# [Work to be completed]
Lines to restate from the data below: from the one containing "Back exterior shed" to the one containing "- Valokuva, kuva", both included. Give them again exactly, and only them.

# [Data provided]
- - -

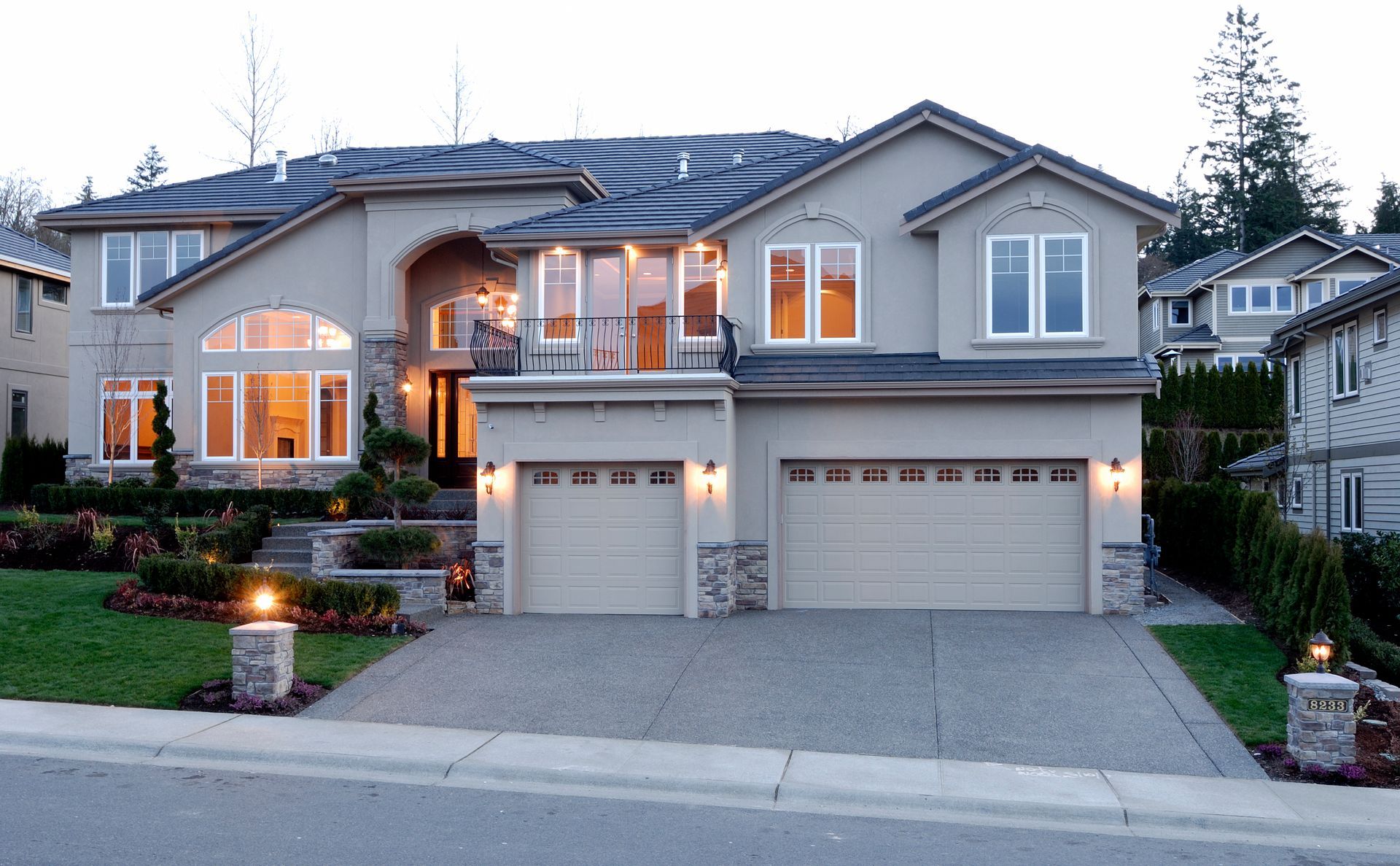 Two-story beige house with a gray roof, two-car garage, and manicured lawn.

- - -

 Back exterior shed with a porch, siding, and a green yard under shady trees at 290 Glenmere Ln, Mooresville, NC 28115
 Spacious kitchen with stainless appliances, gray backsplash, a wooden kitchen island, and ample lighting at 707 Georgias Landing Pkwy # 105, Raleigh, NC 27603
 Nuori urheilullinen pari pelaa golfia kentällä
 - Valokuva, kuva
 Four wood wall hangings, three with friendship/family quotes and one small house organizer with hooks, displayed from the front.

- - -

# [Task response]
 Back exterior shed with a porch, siding, and a green yard under shady trees at 290 Glenmere Ln, Mooresville, NC 28115
 Spacious kitchen with stainless appliances, gray backsplash, a wooden kitchen island, and ample lighting at 707 Georgias Landing Pkwy # 105, Raleigh, NC 27603
 Nuori urheilullinen pari pelaa golfia kentällä
 - Valokuva, kuva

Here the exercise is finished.